Input data =
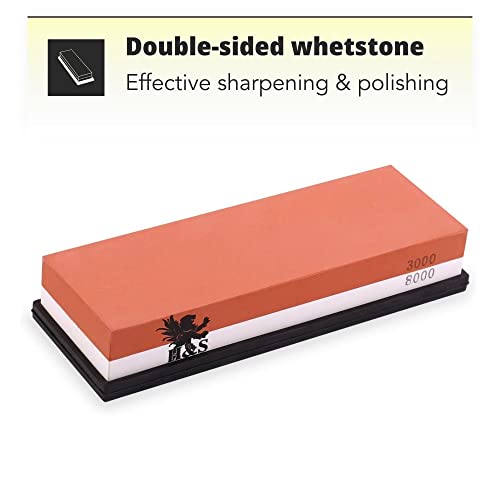 H&S Whetstone Knife Sharpening Stone 3000/8000 Grit Professional Whetstone Sharpener Rubber Holder Base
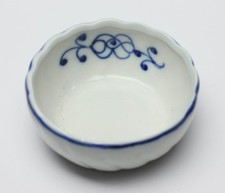 Antique German Dollhouse Blue Onion Porcelain Serving Bowl Kitchen Miniature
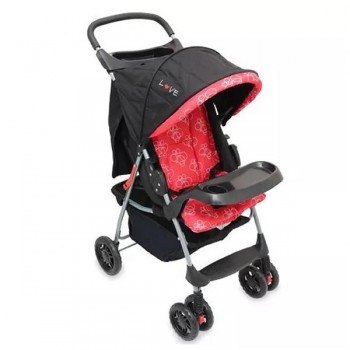 COCHE RIDER LOVE 220 BEBE NEGRO ROSA PLEGABLE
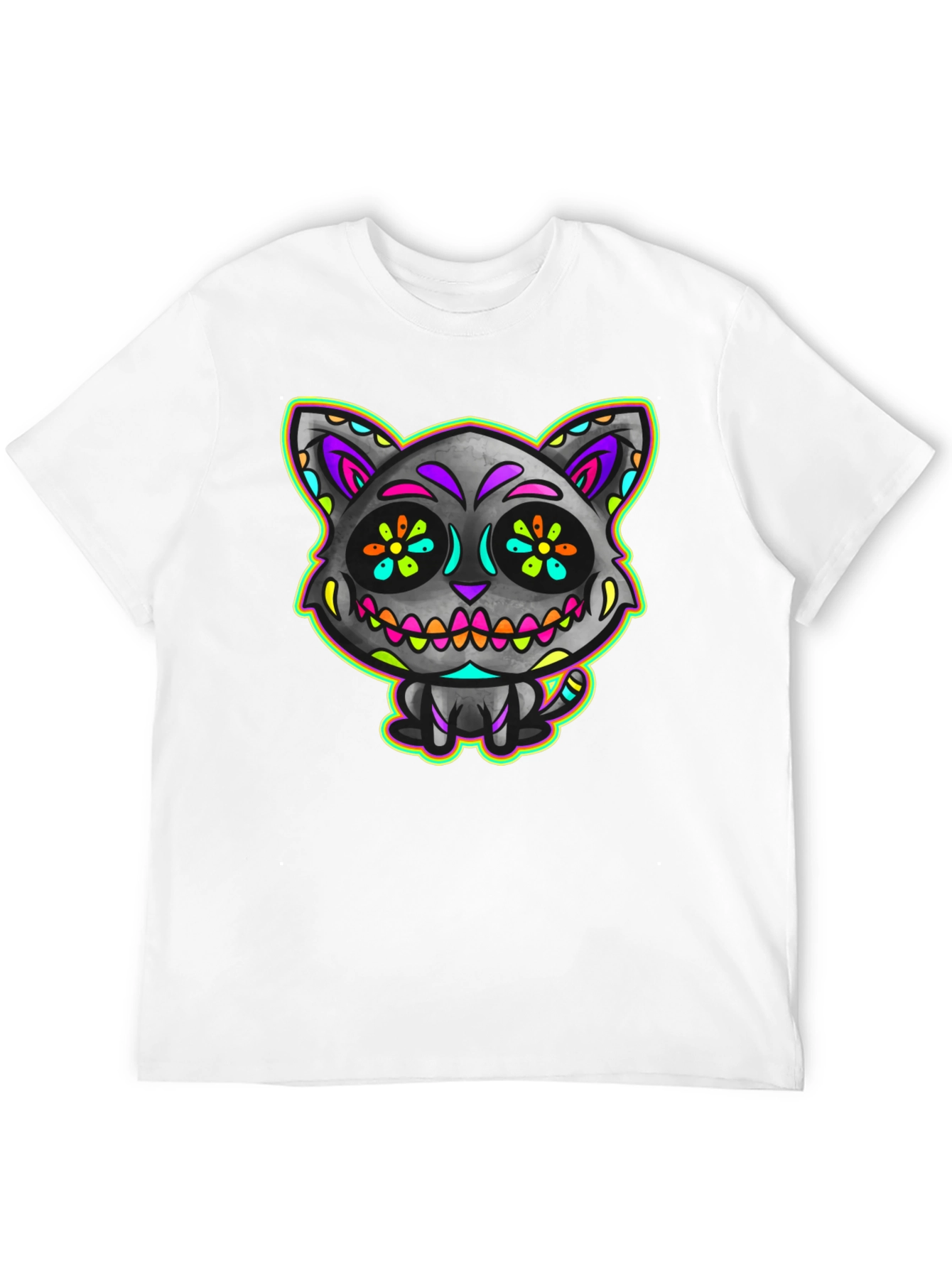 Sugar Skull Cat Mens Black T-Shirt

What the task asks = Only the pictures are to be left out; copy all the remaining material above exactly.

Written answer =
 H&S Whetstone Knife Sharpening Stone 3000/8000 Grit Professional Whetstone Sharpener Rubber Holder Base
 Antique German Dollhouse Blue Onion Porcelain Serving Bowl Kitchen Miniature
 COCHE RIDER LOVE 220 BEBE NEGRO ROSA PLEGABLE
 Sugar Skull Cat Mens Black T-Shirt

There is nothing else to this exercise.